今日も暑くなりそうだと思った正午前、突然に薄暗くなって激しい雨が降り出した。

慌てて洗濯物を取り入れる。

夏の終わりか・・・・

 

昼食後、広島駅前デパートの大型書店に行く。

車で街に行く時のルートはほぼ決まっている。1992年から13年間続けたNHK文化センターの絵画教室に通った道だ。慣性の法則である。

このデパートは普段から空いているけど、さらにガラーンとしていてどうした事かと思ったら6、7、8階が市立図書館絡みの改装で準備が進められていたのだった。

デパートの凋落は発祥の地、ロンドン、パリでは100年前から進行している事だけど、我々世代にとっては自らの人生に重ね合わされる現象であり、寂しく、悲しい。

ほとんどの買い物をネットと百均で済ませている人間が、そんなノスタルジーに浸るのだから勝手なものだ。

本屋の文房具コーナーで筆ペンを試す。

大量のバリエーション。そして試し書きができる!素晴らしい。呉竹硬筆14号がスケッチに最適、購入。また筆記具を増やしてしまった。

本屋でB4版の日本地図帳を買う。20年ぶりの更新だ。辞書と地図、どちらも苦戦しているだろうな。パラパラと流し読み。こういう時間が少なくなっている。

 

夕食後、録画しておいた1943年版「無法松の一生」を見る。

素晴らしいカメラワーク、宮川一夫だ。主演は阪妻。戦時中の検閲でズタズタにされたらしいが洗練された映像に驚いた。
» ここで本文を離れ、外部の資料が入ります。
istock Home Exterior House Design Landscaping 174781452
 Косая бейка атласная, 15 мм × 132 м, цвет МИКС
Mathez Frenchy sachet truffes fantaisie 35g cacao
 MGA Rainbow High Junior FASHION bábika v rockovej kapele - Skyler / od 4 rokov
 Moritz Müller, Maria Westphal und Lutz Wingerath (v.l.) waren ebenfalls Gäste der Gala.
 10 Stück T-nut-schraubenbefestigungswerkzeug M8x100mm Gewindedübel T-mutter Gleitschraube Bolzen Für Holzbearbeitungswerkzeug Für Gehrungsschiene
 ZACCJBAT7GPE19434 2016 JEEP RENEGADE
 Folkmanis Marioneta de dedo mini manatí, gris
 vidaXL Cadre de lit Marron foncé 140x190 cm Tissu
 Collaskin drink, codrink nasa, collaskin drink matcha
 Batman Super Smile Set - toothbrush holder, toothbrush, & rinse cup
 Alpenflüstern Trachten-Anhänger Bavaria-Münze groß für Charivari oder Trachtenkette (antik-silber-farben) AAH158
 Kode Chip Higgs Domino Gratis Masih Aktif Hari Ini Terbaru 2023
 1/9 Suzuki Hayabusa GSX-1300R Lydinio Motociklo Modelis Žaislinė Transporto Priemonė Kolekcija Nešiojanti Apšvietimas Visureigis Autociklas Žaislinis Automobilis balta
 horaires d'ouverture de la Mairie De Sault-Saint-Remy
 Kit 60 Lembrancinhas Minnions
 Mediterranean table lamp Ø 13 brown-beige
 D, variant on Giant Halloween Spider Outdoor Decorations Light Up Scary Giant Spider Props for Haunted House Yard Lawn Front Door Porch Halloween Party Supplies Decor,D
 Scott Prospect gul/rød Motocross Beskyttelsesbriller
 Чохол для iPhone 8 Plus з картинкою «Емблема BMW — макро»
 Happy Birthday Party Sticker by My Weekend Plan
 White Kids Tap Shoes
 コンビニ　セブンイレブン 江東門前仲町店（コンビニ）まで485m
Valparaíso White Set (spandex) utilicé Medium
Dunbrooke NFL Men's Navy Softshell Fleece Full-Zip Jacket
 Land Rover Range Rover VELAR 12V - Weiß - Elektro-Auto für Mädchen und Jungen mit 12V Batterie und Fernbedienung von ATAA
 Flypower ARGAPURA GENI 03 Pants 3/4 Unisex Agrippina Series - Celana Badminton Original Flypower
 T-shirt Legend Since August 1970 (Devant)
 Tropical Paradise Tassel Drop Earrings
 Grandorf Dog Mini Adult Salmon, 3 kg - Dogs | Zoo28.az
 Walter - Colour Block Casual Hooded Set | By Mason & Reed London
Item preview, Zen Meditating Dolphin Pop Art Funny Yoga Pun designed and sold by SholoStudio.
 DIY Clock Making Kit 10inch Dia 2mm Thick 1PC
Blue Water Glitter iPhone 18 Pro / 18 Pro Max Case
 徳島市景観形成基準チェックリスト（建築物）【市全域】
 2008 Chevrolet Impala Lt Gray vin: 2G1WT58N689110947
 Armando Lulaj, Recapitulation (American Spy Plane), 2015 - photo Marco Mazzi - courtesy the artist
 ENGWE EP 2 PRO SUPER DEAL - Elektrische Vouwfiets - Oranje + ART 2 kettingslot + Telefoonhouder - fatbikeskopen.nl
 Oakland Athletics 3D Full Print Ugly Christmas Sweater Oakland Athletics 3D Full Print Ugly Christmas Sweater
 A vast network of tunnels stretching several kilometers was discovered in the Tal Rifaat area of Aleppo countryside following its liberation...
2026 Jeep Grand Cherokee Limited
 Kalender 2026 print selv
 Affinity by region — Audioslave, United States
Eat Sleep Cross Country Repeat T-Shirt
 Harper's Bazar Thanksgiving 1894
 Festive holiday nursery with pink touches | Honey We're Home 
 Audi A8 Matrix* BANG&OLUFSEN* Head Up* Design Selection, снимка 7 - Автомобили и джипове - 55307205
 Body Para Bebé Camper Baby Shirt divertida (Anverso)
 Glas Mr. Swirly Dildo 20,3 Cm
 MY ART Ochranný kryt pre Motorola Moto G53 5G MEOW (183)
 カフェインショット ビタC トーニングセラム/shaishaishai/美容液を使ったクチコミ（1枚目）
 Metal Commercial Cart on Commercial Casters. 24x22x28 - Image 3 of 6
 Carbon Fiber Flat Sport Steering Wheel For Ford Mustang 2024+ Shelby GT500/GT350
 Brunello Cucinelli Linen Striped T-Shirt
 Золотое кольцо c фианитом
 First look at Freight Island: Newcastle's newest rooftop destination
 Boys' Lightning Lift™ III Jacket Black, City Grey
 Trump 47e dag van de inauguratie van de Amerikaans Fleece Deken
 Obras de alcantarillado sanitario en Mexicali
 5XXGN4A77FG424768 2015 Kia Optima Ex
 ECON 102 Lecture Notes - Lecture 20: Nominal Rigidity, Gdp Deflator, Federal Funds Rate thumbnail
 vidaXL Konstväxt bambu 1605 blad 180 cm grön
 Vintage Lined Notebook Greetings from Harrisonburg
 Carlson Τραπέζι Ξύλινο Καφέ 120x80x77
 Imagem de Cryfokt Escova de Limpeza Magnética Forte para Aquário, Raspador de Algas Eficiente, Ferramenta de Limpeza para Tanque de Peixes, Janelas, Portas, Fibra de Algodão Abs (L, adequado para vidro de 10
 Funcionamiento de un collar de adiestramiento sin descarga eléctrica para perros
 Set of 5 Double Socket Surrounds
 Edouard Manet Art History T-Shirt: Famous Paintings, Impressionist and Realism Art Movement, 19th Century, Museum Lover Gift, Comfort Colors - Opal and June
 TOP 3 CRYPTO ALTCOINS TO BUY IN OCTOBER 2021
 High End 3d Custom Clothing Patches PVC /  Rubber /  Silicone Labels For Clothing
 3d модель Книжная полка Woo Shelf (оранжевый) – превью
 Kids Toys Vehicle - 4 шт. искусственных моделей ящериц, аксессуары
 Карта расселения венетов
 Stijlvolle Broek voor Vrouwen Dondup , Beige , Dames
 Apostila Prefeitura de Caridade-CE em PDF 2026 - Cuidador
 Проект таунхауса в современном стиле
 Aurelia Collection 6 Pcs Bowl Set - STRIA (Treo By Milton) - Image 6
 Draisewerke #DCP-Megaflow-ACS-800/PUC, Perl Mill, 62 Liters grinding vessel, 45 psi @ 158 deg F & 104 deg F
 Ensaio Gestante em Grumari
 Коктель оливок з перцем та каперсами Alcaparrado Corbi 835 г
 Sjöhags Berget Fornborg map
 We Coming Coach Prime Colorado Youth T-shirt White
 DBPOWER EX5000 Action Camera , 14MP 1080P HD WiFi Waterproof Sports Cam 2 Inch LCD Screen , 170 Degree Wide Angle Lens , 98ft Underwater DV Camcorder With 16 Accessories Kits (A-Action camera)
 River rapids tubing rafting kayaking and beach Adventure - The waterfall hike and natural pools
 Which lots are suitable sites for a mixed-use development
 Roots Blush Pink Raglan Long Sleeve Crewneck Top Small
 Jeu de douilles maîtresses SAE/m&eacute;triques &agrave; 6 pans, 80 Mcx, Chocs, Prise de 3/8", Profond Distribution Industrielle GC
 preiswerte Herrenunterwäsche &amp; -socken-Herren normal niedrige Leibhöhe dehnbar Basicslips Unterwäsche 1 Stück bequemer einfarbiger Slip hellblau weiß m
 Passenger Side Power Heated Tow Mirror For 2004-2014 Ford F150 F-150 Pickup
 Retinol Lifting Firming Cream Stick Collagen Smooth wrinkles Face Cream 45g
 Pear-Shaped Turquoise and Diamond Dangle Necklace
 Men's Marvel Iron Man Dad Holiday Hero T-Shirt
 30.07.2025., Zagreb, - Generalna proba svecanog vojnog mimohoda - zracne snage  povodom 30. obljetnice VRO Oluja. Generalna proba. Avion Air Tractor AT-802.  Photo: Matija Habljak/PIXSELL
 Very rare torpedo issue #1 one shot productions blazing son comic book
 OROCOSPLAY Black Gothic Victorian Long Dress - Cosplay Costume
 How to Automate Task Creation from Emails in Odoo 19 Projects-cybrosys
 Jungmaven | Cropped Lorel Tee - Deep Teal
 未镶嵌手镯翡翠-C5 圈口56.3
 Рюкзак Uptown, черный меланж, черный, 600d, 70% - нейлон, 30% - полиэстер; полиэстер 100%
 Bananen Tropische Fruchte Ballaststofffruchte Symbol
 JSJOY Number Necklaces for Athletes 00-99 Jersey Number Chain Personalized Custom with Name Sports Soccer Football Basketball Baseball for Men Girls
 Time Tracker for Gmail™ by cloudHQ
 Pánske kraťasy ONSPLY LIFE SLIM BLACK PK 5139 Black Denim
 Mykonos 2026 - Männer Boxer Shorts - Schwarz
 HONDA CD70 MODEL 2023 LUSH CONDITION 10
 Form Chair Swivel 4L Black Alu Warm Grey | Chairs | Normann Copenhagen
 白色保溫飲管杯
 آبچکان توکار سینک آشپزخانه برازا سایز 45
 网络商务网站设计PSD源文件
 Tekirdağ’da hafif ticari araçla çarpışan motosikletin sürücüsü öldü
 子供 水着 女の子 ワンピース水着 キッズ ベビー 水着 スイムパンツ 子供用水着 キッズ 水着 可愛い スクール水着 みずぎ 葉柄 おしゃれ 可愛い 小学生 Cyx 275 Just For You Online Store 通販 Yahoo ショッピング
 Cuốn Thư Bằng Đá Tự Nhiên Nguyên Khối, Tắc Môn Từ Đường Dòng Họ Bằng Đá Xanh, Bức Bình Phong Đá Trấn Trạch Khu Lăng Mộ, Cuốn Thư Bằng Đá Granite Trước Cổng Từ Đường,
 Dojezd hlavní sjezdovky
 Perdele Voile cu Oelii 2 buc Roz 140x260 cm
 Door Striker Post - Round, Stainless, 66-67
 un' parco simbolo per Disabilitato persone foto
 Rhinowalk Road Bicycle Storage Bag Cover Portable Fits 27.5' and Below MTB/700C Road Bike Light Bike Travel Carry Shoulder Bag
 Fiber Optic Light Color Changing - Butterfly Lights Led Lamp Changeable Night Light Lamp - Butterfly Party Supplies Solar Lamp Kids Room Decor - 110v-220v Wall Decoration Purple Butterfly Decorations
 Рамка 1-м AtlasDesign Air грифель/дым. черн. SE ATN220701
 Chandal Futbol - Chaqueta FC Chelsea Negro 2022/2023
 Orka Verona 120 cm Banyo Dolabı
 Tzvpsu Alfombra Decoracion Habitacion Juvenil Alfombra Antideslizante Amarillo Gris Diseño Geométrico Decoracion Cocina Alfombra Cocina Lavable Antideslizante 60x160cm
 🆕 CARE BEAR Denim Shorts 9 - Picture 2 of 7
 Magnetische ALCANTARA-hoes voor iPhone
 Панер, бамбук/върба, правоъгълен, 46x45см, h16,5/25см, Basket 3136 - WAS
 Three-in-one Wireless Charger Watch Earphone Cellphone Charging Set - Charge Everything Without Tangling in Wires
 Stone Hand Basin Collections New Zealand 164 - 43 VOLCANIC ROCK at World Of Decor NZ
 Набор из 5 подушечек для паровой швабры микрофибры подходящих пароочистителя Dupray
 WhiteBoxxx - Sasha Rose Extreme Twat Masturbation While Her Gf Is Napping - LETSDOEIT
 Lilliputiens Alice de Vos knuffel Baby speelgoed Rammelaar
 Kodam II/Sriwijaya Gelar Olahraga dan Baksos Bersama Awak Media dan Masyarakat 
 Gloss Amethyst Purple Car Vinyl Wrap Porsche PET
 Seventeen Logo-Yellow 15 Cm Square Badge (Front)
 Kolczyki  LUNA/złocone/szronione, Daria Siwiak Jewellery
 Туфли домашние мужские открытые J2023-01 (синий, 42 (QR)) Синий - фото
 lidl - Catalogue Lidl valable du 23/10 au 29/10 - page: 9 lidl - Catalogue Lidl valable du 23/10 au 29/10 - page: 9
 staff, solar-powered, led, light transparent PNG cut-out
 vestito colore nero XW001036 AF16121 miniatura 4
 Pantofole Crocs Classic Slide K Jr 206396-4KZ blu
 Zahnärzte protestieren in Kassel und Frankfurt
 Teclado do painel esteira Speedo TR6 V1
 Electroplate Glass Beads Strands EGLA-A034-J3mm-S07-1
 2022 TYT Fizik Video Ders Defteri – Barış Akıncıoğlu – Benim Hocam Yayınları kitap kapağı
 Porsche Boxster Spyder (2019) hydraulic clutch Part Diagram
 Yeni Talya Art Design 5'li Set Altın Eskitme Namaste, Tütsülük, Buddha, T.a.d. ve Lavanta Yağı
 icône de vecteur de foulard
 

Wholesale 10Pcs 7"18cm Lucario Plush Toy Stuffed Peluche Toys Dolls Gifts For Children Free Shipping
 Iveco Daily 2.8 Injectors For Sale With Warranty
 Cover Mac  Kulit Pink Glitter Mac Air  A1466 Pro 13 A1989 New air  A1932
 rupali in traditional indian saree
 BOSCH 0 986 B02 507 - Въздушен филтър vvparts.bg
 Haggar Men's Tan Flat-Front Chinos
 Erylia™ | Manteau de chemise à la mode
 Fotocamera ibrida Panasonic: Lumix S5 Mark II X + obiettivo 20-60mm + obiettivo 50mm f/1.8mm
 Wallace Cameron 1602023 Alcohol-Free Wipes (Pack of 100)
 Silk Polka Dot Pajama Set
物語の舞台は小倉だが、駅のシーンでこりゃ違うなと感じて調べてみると、拠点は京都撮影所で少年(長門裕之)が転けて泣くシーンは先日訪れた彦根城だった。

ロケ地の詮索は楽しい。昨日の映画ではフィレンツェのピッティ宮からウフィツィ美術館まで「密かにヴァザーリの回廊を抜けて」いたが、誰でも使える通路で、面白くないから皆んな一般道を歩いている。ラストシーン、イスタンブールの地下貯水池は凄いところだった。アヤソフィアの大聖堂よりも印象に残っている。

ストーリーよりもシーンに関心があるので、何処で撮影したのかも知りたい。

子供の時に近所で映画の撮影を何度も見た。「ロケは大変なんだから見にきてよね。」と撮影スタッフが話していた。学生の時、大学の裏山で寝転がっていたら刀を持った股旅姿の男が何人か走りこんできて度肝を抜かれたこともある。

因みにこの映画、フルバージョンをYoutubeで見られる。

昔、実家の前はこんな感じだったと思われるような光景もあって儲けものでした。